## ASSIGNED TASK
Look in the material below for the line with "laboratory instruments with" and the line with "Vestido Zara maxi azul cielo", then set down exactly those two lines and all lines between, nothing more.

## TASK INPUT
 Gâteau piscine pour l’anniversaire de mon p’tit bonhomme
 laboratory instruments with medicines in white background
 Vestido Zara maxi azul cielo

* * *

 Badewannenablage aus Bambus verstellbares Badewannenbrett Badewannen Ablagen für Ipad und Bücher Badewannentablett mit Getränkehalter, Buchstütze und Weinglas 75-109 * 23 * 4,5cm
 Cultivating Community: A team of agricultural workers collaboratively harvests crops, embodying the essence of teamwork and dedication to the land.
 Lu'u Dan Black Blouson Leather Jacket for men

## OUTPUT FOR THIS EXERCISE
 laboratory instruments with medicines in white background
 Vestido Zara maxi azul cielo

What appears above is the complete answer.